Exercise goal:
Without copying any picture, transcribe exactly the lines of the data below from the one containing "Shower in Aurora" through the one containing "Maui Eleven Bedroom".

Dataset excerpts:
# # # # #

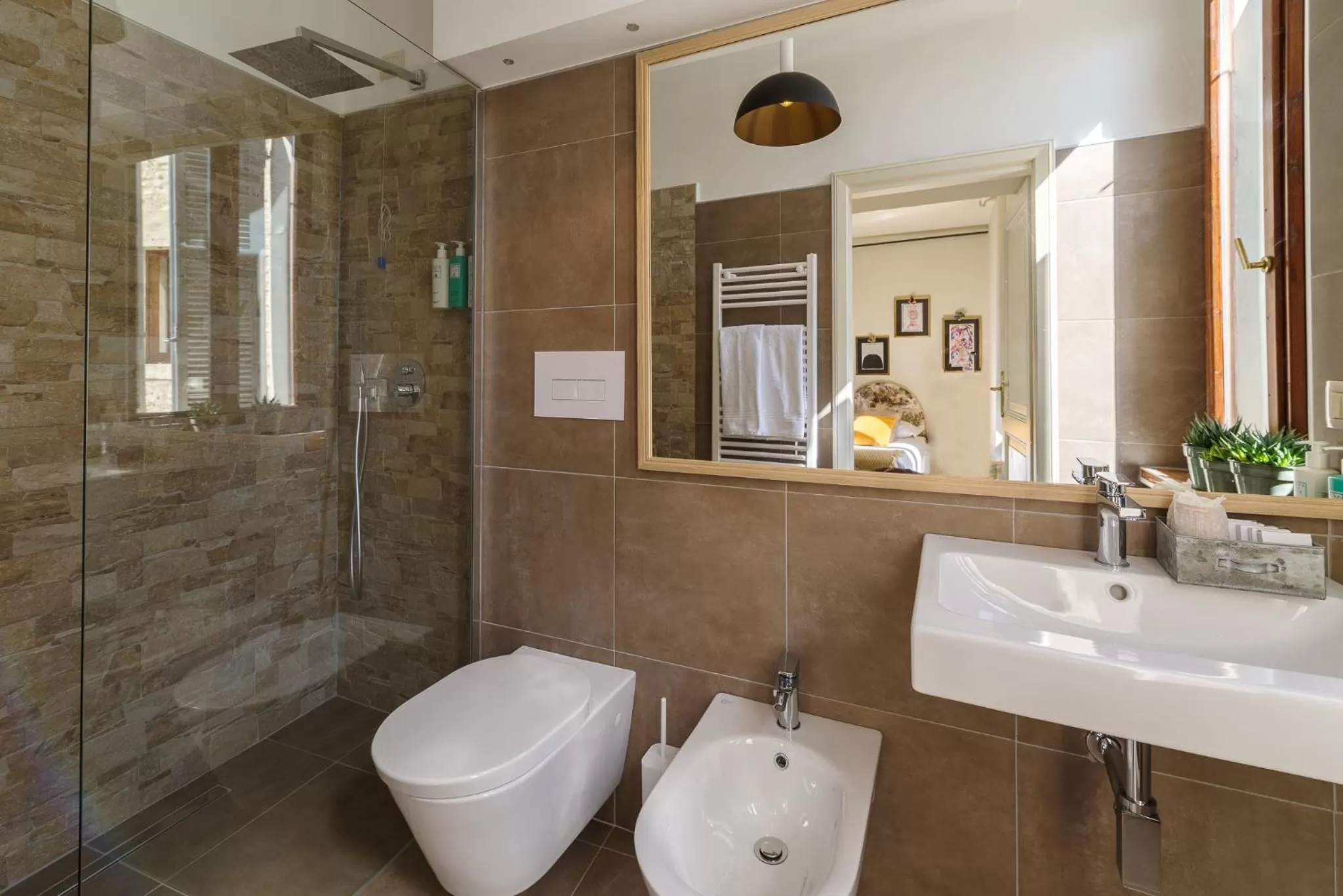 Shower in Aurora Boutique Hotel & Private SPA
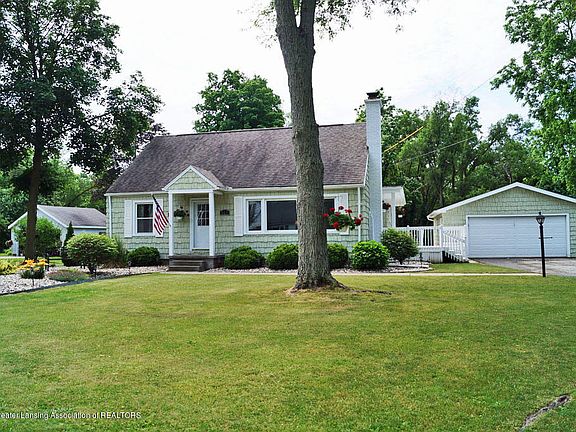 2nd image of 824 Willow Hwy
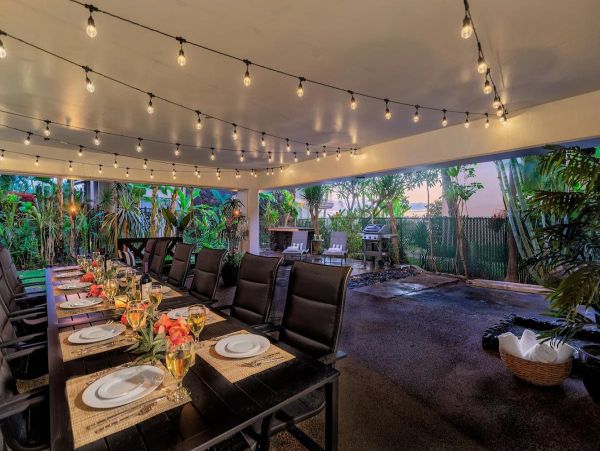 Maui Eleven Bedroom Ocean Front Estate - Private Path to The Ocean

# # # # #

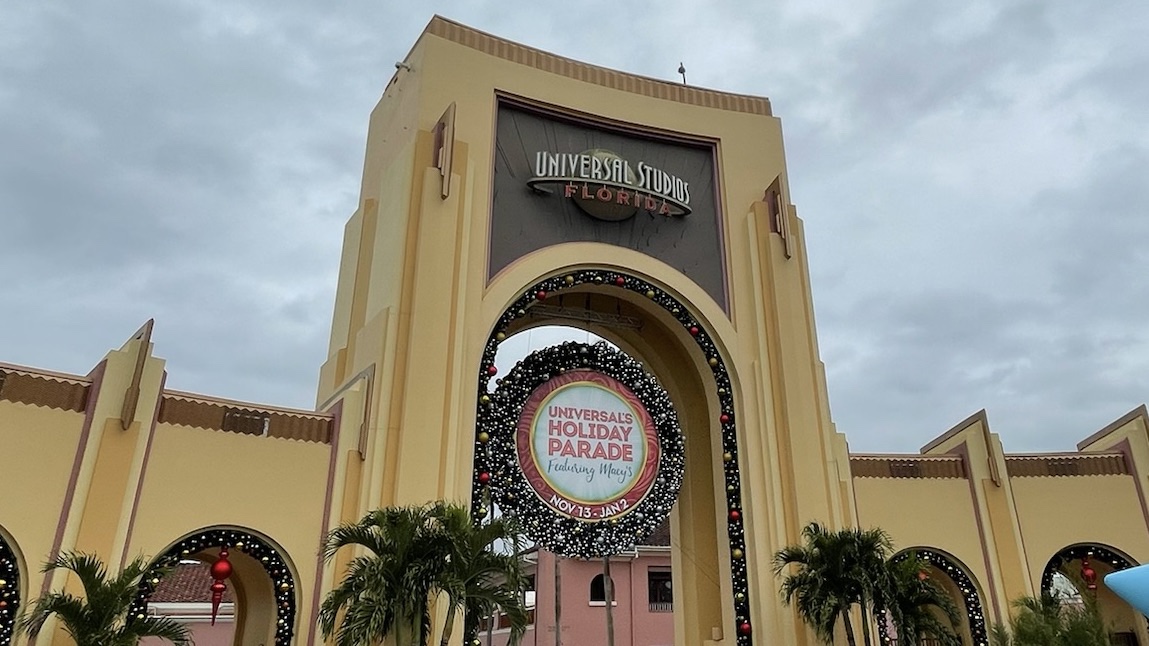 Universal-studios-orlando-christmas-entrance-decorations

# # # # #

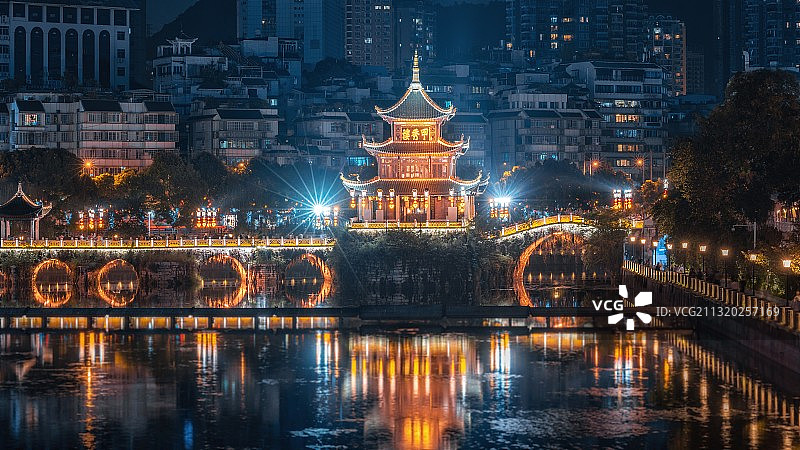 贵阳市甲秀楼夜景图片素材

# # # # #

Reply to the exercise:
 Shower in Aurora Boutique Hotel & Private SPA
 2nd image of 824 Willow Hwy
 Maui Eleven Bedroom Ocean Front Estate - Private Path to The Ocean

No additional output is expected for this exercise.